Software Tools / R: Homework 4: due Thursday, 3 March, 2011

Send your solutions to the lecturer by email (firstname.lastname@helsinki.fi), at the latest on Thu 3 March at 10.00. Use R4 as the title of your message.


Exercise 1. (Illustrating the concept of a confidence interval by simulation)

This figure was produced by repeating 100 times the experiment, where a sample of size 10 was generated from the standard normal distribution. In each of the repetitions, the 95% t-confidence interval was calculated and stored (using t.test(x)$conf.int). Finally, each confidence interval was drawn (with function segments()) so that those confidence intervals which did not cover the true value zero were colored red.

Write R code for producing a similar figure.


Suggested solution:

n <- 10
rep <- 100
ci.left <- numeric(rep)
ci.right <- numeric(rep)

for (i in 1:rep) {
  x <- rnorm(10)
  ci <- t.test(x)$conf.int
  ci.left[i] <- ci[1]
  ci.right[i] <- ci[2]
}
does.not.cover <- (ci.left > 0) | (ci.right < 0)

# limits for the x-axis:
a <- min(ci.left)
b <- max(ci.right)
# Draw the axes:
plot(0, 0, type = 'n', xlim = c(a, b), ylim = c(0, 100), ann = FALSE)
# Draw line segments; let vector does.not.cover select the color.
segments(ci.left, 1:rep, ci.right, 1:rep,
  col = ifelse(does.not.cover, 'red', 'black'))
# Finally, draw a vertical line to show the population parameter:
abline(v = 0)

Exercise 2. (Chi squared test for a table)

We continue exploring the data set tn10.csv from the probability theory course. We try to investigate the hypothesis whether the decision of not coming to the first course exam (K11 is missing) and low exericse activity at the beginning of the course (H1+H2+H3+H4+H5 < 6, and missing values should be intepreted as zeros) are correlated. Test the null hypothesis that these classifications of the students are independent with the chi squared test. Do you reject the null hypothesis with significance level 0.05?

Hints: use function chisq.test() and form its input by using the function table(). You can use as inputs to table() two logical vectors which correspond to the row and column classifications.


Suggested solution:
results <- read.csv2('tn10.csv')

no.show <- is.na(results$K11)
low.exercise <-
  rowSums(results[ , c('H1', 'H2', 'H3', 'H4', 'H5')], na.rm = TRUE) < 6

(tt <- table(no.show, low.exercise))
chisq.test(tt)
The p-value is very low; the null hypothesis would be rejected not only at the 0.05 significance level but even at the 0.001 significance level.
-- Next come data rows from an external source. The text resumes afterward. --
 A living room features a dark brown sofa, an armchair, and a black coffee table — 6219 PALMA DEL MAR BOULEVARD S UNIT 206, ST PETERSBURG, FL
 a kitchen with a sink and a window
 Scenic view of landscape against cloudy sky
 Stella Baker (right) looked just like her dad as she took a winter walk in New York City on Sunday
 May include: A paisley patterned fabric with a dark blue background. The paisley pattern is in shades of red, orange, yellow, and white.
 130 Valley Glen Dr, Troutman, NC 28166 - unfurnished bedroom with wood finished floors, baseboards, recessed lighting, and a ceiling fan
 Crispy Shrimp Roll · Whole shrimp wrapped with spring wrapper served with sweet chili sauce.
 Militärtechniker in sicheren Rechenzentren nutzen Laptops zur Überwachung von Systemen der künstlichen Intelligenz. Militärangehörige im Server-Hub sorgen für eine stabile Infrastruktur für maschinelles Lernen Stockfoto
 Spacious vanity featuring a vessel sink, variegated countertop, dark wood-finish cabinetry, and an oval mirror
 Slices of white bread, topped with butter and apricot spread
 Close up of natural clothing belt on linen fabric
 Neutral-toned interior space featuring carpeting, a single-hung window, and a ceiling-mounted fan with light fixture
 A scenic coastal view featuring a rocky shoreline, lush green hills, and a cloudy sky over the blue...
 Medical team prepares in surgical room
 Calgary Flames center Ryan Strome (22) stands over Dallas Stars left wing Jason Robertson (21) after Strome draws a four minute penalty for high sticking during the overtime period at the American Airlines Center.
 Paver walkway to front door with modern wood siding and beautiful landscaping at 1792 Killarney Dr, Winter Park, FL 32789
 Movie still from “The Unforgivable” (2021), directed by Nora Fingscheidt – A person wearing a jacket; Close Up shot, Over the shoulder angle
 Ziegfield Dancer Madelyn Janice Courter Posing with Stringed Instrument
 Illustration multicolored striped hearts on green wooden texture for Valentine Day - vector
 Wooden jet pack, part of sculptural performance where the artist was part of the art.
Exercise 3. (Graphical presentation of grouped data)

The bilirubin data bilirubin.dat, contains bilirubin concentration measurements for three individuals. The measurements from a single individual form one of the three groups. Now we draw a figure to investigate informally the assumption of constant variance within each group needed for an ANOVA model (analysis of variance model) for this data. First read the data and then draw a stripchart from it with the command

stripchart(bili$Concentration ~ bili$Individual, method = 'jitter',
  vert = TRUE, pch = 1)
Next, using the command
arrows( ...arguments... , angle = 90, code = 3)
add line segments, which show for each of the three individuals the 1 SEM (standard error of the mean) limits
xbar[i] +- sem[i]
where xbar[i] is the mean of the bilirubin concentrations for the i'th individual, and sem[i] is the corresponding standard error of the mean, which is equal to the standard deviation of the concentration measurements for the i'th individual divided by the square root of the number of the concentration measurements for the i'th individual.

Suggested solution:

bili <- read.table('bilirubin.dat', header = TRUE)
xbar <- tapply(bili$Concentration, bili$Individual, mean)
sem <- tapply(bili$Concentration, bili$Individual,
      function(x) sd(x) / sqrt(length(x)))
stripchart(bili$Concentration ~ bili$Individual, method = 'jitter',
  vert = TRUE, pch = 1)
arrows(1:3, xbar - sem, 1:3, xbar + sem, angle = 90, code = 3)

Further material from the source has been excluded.